Marius Lukauskis Marius Lukauskis - 29 days ago 4x
MySQL Question

When i inserting data into mysql it insert two datas, and i dont know why

When i inserting using this code it insert two datas and i downt know how to fix it

$sql = "SELECT Version_id FROM versions ORDER BY Version_id DESC LIMIT 1;";
$result = $conn->query($sql);

if ($result->num_rows > 0) {
// output data of each row
while($row = $result->fetch_assoc()) {
$lastVersion =$row["Version_id"];
$sql = "INSERT INTO versions (version)
VALUES ('v$lastVersion')";
if (mysqli_query($conn, $sql)) {
echo "New record created successfully";
} else {
echo "Error: " . $sql . "<br>" . mysqli_error($conn);


While I don't exactly understand what you mean with "two datas", I do see multiple issues with your code.

First of all it is horribly inefficient and prone to race conditions. It's also quite wrong, in that it doesn't do what you want it. Not to mention should be replaced with native database functionality.

Most of these can be fixed by simply changing the version_id field to a AUTO_INCREMENT. This will automatically give the new record the next available ID in the set, exactly as what you're trying to do. Then you can retrieve this ID by using "lastInsertId()"

That'll make all of the code in your post superflous, and only require you do do something like this when actually inserting data:

$sql = "INSERT INTO `version`(`setting`, `date`) VALUES (:setting, :date)";
$stmt = $db->prepare ($sql);
$res = $stmt->execute ($data);
$newID = $db->lastInsertId ();

After this the new version ID is stored in the $newID variable.

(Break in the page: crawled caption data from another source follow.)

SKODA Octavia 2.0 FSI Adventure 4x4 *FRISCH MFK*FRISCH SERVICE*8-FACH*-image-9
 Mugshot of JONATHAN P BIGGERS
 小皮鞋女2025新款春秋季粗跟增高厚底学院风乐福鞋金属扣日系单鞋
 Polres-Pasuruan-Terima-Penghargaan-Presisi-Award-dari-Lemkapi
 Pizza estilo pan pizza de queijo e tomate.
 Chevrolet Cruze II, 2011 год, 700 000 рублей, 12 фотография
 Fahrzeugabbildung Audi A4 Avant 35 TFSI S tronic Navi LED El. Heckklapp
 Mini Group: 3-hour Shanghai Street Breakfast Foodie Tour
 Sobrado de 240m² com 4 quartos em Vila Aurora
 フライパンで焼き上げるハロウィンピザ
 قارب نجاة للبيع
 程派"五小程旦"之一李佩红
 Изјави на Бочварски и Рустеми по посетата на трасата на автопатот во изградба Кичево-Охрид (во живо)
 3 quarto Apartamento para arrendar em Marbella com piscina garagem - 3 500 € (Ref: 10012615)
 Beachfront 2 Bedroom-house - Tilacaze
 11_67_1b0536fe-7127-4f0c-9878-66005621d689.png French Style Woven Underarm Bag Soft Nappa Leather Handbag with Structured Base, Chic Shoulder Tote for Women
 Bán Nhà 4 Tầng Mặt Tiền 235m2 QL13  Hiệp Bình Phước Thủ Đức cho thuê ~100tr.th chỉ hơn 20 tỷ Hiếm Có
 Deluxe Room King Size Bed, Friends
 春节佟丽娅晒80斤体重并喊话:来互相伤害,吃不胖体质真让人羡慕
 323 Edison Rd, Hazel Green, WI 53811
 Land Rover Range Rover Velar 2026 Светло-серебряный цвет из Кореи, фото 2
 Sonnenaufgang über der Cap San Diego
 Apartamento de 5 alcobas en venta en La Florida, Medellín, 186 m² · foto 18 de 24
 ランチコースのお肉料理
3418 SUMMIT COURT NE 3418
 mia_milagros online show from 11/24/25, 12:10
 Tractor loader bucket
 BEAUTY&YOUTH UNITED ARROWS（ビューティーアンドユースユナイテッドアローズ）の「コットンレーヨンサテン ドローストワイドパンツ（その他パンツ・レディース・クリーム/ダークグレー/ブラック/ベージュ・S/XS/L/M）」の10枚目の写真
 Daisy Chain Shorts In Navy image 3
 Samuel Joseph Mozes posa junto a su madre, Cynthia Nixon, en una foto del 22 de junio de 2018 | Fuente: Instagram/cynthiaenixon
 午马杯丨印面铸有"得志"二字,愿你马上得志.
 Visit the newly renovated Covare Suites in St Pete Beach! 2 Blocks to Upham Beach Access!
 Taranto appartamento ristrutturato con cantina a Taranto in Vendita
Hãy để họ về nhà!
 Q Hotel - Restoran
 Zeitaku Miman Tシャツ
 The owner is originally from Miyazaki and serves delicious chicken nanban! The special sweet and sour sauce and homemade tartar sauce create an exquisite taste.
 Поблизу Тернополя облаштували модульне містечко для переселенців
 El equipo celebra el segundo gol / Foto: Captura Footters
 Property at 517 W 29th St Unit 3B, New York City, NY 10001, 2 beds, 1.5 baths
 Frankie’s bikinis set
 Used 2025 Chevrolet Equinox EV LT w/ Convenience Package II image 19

Of course, if you want to UPDATE the version ID for some reason, then INSERT is the wrong command to use. Also, why use an entire table for what's basically a simple version number? In short, your whole table doesn't make a whole lot of sense for me.
I recommend explaining the rationale behind it, so that we can possibly come up with some better solutions you can use.